## Available data
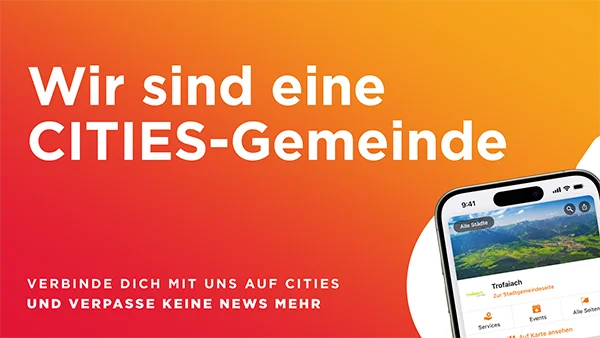 Kostenloser Download  der CITIES-App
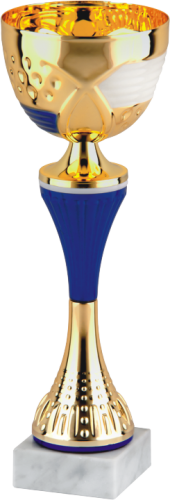 Złoty Puchar Premium Blue S-8294 - Okazyjne Puchary Metalowe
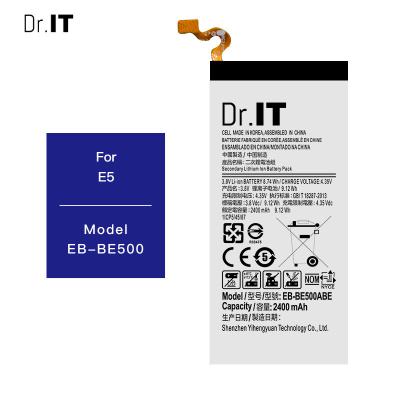 China 2400mAh 3.85V Samsung E5 Battery Replacement Li Polymer Rechargeable for sale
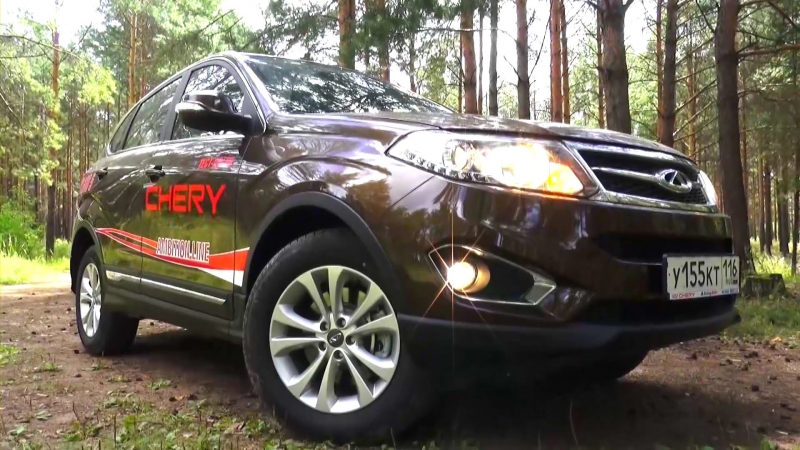2015 Chery Tiggo 5 Test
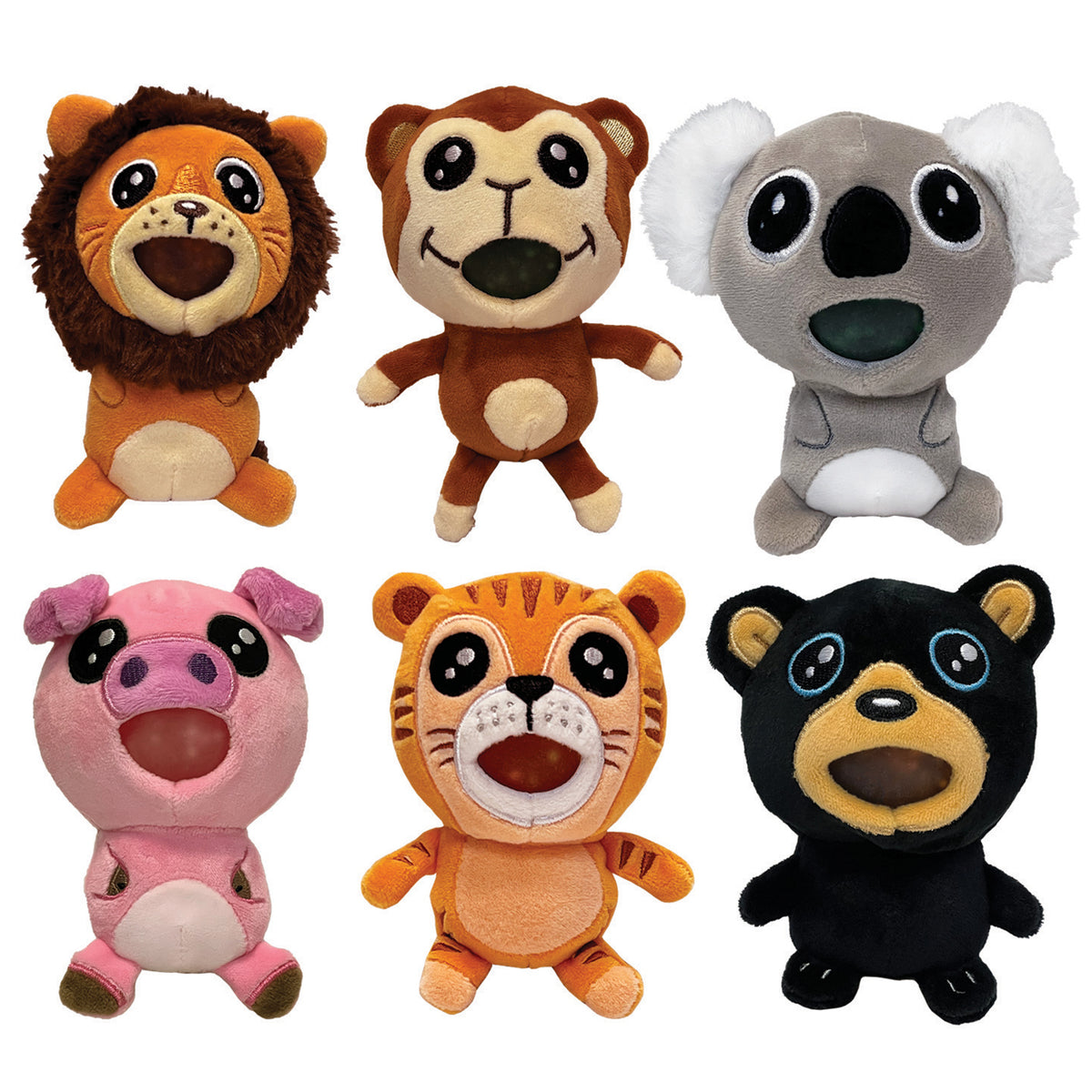 Jelly Big Head Animals - Wild Wonders – Streamline Imagined Wholesale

## Work task
Reproduce the preceding material exactly, skipping pictures.

## Solution
 Kostenloser Download  der CITIES-App
 Złoty Puchar Premium Blue S-8294 - Okazyjne Puchary Metalowe
 China 2400mAh 3.85V Samsung E5 Battery Replacement Li Polymer Rechargeable for sale
2015 Chery Tiggo 5 Test
 Jelly Big Head Animals - Wild Wonders – Streamline Imagined Wholesale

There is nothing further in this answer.